Eee, siz ne yaptınız?
- Öyle bir moralim bozuldu ki kahvenin tuvaletine girip ağladığımı hatırlıyorum. Bu nasıl demokrasi, kapı neden kapalı? Arkadaşlar “Başkanım rahat olun, bu durumu lehimize çevireceğiz” dedi.
Kriz masası toplandı galiba...
- Doğru İl Merkezi’ne gittim; “Genel Merkez’in talimatiyla bu kapıyı yüzümüze kapatanlar, yarın halkın gücüyle açtırmaya mecbur olacaklar” dedim. Sarıgül, Deniz Bey’den kaçtı dedirtmem çünkü o bir tek Allah’tan korkar.
OBAMA’YI BOŞVER
SARIGÜL’E BAK
CHP’ye girmeye sıcak bakıyor musunuz? İstanbul Belediye Başkanı adayları arasında sizinle birlikte Akif Hamza Çebi, Gürsel Tekin, Haluk Koç’un adları geçiyor.

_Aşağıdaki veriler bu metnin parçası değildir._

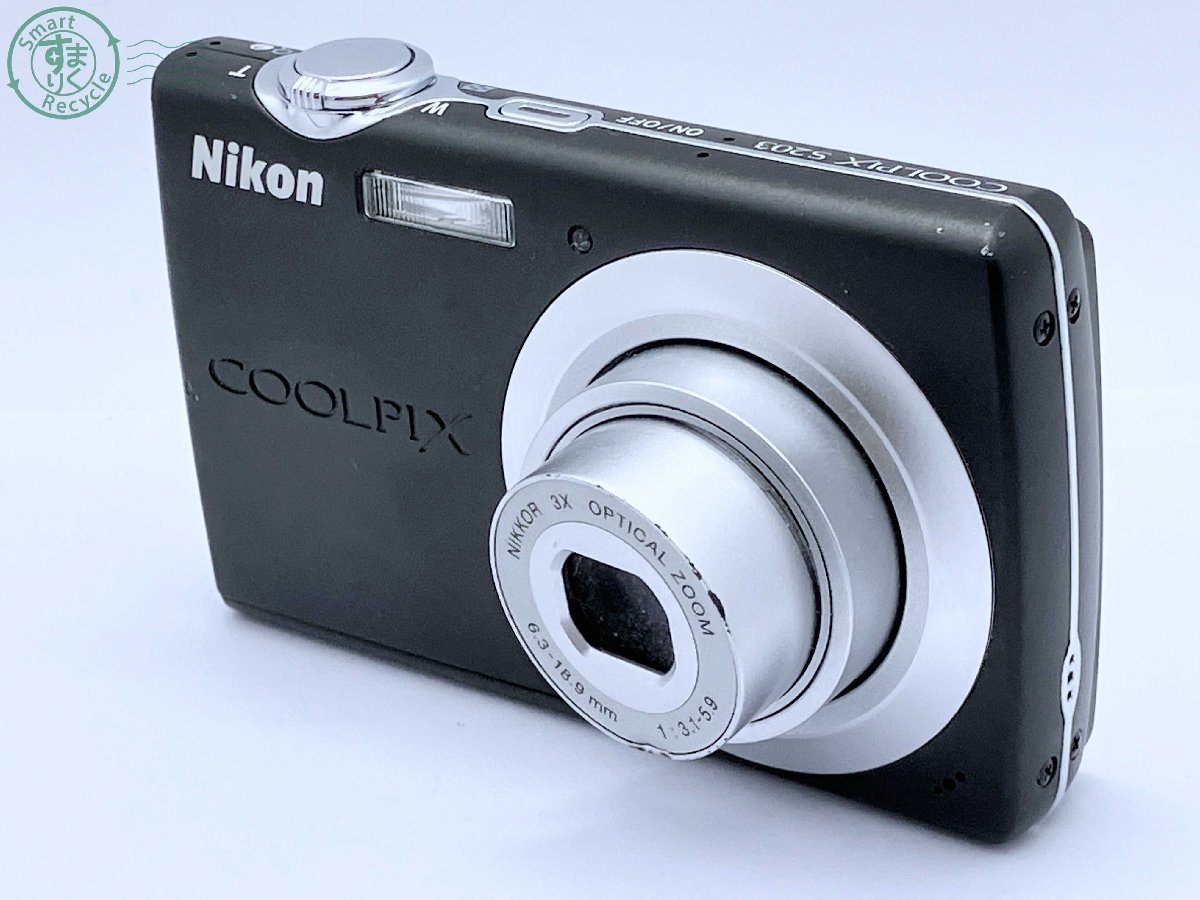 2401310779　★ Nikon ニコン COOLPIX クールピクス S203 コンパクト デジタルカメラ デジカメ ブラック 黒 ジャンク 中古_画像1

- Adaylık hiç kuşkusuz herkesin hakkı. Ancak bunları konuşmak için henüz erken, çünkü ben hâlâ Şişli’nin belediye başkanıyım. Hizmet yarışındayken adaylık yarışına girmem. Koltuk hırsım yok, hizmet hırsım var. Az önce dediğim gibi düşüncelerimin iktidar olmasını istiyorum. Bunu kim başaracaksa, onu desteklemeye hazırım.
Hep “Başbakan olmak için ABD’den icazet almak lazım” derler. Siz de Obama ile görüşmeye gidecekmişsiniz...

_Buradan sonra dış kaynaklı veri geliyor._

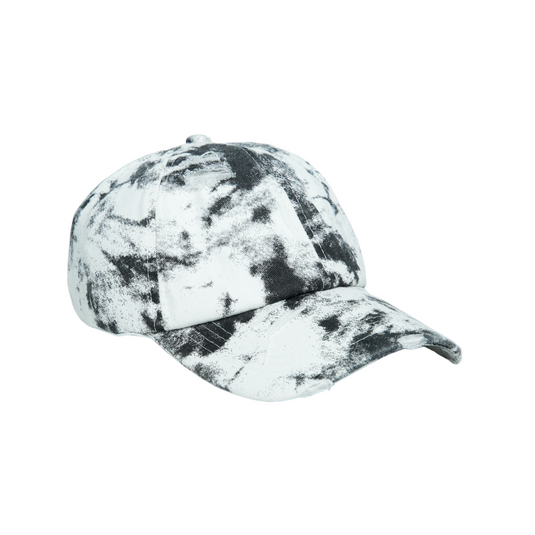 Chokore Distressed Tie-Dye Baseball Cap (Gray & White)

- Benim kimseye ihtiyacım yok, Obama’nın biri gider biri gelir, sen Obama’yı boşver de Sarıgül’e bak. Ama siyaset yapan herkesin dünya liderleriyle görüşmesi gerektiği de bir gerçek.
Bakıyorum dünya liderlerine bile kafa tutuyorsunuz, biraz egonuz şişik olabilir mi?
- Yok ya ben mütevazı bir insanım, kimseye de kin tutmam ama CHP kurultayında beni sıkıntıya sokanları kolay kolay affetmem mümkün değil.
Yazın Bodrum’dan dönerken duvarlara yazılmış “Çare Sarıgül” yazısı dikkatimi çekti. Yalnız Bodrum değil Türkiye’nin pek çok iline yayılmış durumda aynı slogan... “Çare Sarıgül” diyenlerin derdine çare olacak mı Sarıgül?
- Bir gün mutlaka Türkiye yollarına düşeceğim... Unutma, 70’li yıllarda Ecevit gençlerin dağlara taşlara yazdığı sloganlarla o koltuğa oturmuştu. Eğer halkım “Çare Sarıgül” diyorsa, günü geldiğinde ben de bu adımları atmak zorundayım.